It certainly works, but is there any particular reason why you have renamed the variable group used in the question as groups? It only contains one group at a time.
Every time loop will iterate through one single group. It's a typo, I didn't notice that. group or groups works the same way.
1

You had made a good start (aside from some issues of formatting code in the question).

You need to append to a list that is a value in user_groups (with key user), first creating it as an empty list if it does not already exist.

def groups_per_user(group_dictionary):
    user_groups = {}
    for group in group_dictionary:
        for user in group_dictionary[group]:
            if user not in user_groups:
                user_groups[user] = []
            user_groups[user].append(group)

    return(user_groups)

print(groups_per_user({"local":["admin","userA"],"public":["admin","userB"],"administrator": ["admin"]}))

In fact, you can use items() to give a sequence of 2-tuples containing (key, value) and unpack those into separate variables containing key and value (here group and users), avoiding the need for indexing using group_dictionary[group]:

def groups_per_user(group_dictionary):
    user_groups = {}
    for group, users in group_dictionary.items():  # <== use of items()
        for user in users:  # <== now we have the value (users) directly
            if user not in user_groups:
                user_groups[user] = []
            user_groups[user].append(group)
    return(user_groups)

Comments

1

There are already a couple of answers, but I find it worth mentioning that you could also use defaultdict to solve your problem.
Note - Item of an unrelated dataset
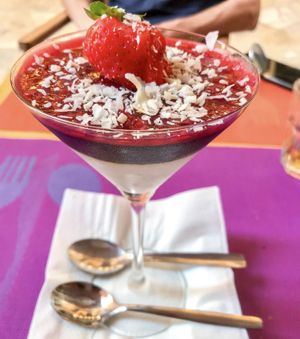 Panna cotta con frambuesa at Sa Cova in Mallorca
The usage is pretty straightforward - if the key is not found in the dictionary the defaultdict uses the method provided in the default_factory:

from collections import defaultdict 

def groups_per_user(group_dictionary):

    user_groups = defaultdict(list)

    for group in group_dictionary:
        for user in group_dictionary[group]:
            user_groups[user].append(group)

    return(user_groups)

print(
    groups_per_user({
        "local": ["admin","userA"],
        "public":["admin","userB"],
        "administrator": ["admin"]
    })
)
>>> defaultdict(<class 'list'>, {'admin': ['local', 'public', 'administrator'], 'userA': ['local'], 'userB': ['public']})

Constructing a defaultdict is more expensive than constructing a normal dict, but the performance is better.